(Data under study)

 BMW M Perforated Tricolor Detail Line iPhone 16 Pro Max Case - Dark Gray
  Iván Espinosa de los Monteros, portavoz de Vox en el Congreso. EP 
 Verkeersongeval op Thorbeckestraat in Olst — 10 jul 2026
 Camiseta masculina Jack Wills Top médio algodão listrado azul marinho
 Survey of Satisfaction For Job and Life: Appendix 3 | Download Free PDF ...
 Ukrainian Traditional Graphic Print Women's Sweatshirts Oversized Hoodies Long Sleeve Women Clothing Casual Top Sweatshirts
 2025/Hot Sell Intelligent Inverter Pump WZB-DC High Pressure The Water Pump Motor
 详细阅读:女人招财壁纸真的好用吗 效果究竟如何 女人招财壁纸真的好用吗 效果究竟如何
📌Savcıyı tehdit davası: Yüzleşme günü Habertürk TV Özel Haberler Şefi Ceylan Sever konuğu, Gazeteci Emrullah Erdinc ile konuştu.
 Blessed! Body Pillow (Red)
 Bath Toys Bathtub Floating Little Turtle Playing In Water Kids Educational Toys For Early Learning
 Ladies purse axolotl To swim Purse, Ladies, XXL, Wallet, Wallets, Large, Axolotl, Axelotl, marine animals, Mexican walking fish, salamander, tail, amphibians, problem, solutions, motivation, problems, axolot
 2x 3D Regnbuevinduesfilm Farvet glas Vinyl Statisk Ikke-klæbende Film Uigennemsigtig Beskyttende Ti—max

(End Data under study)

Every line of the records above where the string "Water" is found should be copied.

Output of the task
 2025/Hot Sell Intelligent Inverter Pump WZB-DC High Pressure The Water Pump Motor
 Bath Toys Bathtub Floating Little Turtle Playing In Water Kids Educational Toys For Early Learning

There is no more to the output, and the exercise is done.